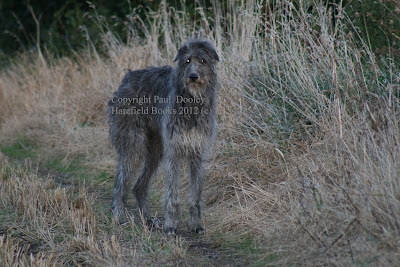 Deerhound Greyhound Lurcher Puppies For Sale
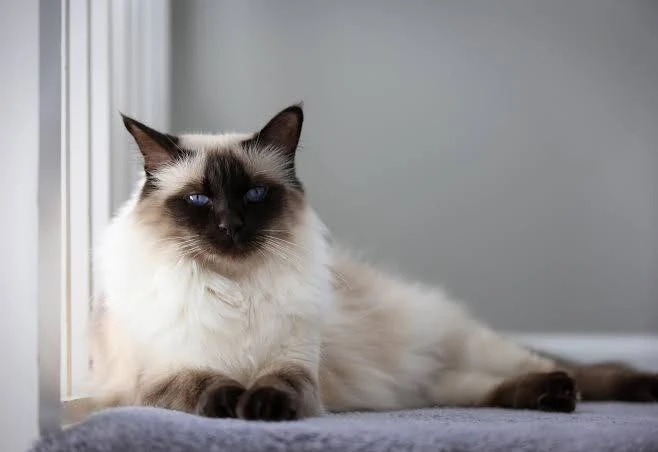Balinese Cat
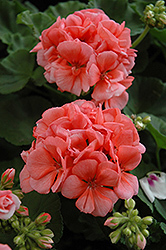 Patriot Evening Glow Geranium (Pelargonium 'Patriot Evening Glow') at Marlin Orchards & Garden Centre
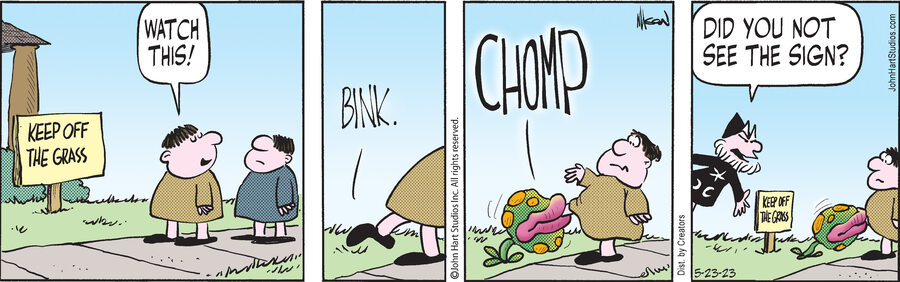 Wizard of Id for May 23, 2023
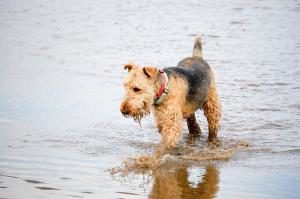 Airedale Terrier im Wasser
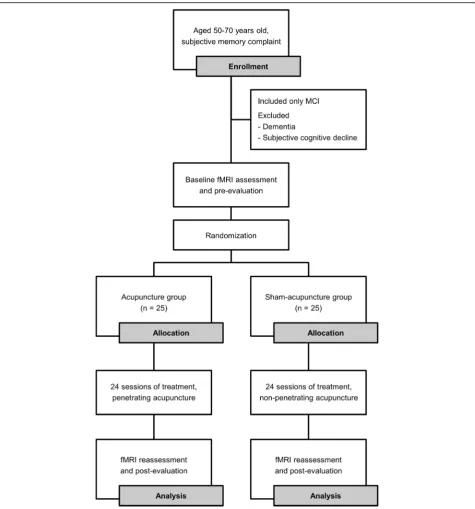 Fig. 1 Diagram of the study flow. MCI, mild cognitive impairment; fMRI, functional magnetic resonance imaging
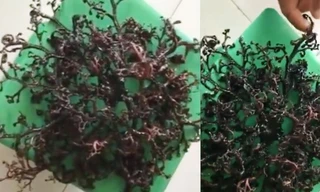 Báo Nga đăng video 'quái vật biển' dạt bờ ở Việt Nam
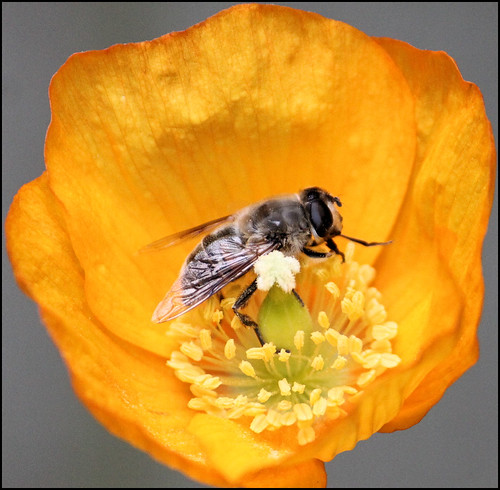 Welsh Poppy & Bee | by Judy's Wildlife Garden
++++++++++
_Task requirements_
No pictures should appear in the copy, and each record above is to be returned exactly.

_Result of this task_
 Deerhound Greyhound Lurcher Puppies For Sale
Balinese Cat
 Patriot Evening Glow Geranium (Pelargonium 'Patriot Evening Glow') at Marlin Orchards & Garden Centre
 Wizard of Id for May 23, 2023
 Airedale Terrier im Wasser
 Fig. 1 Diagram of the study flow. MCI, mild cognitive impairment; fMRI, functional magnetic resonance imaging
 Báo Nga đăng video 'quái vật biển' dạt bờ ở Việt Nam
 Welsh Poppy & Bee | by Judy's Wildlife Garden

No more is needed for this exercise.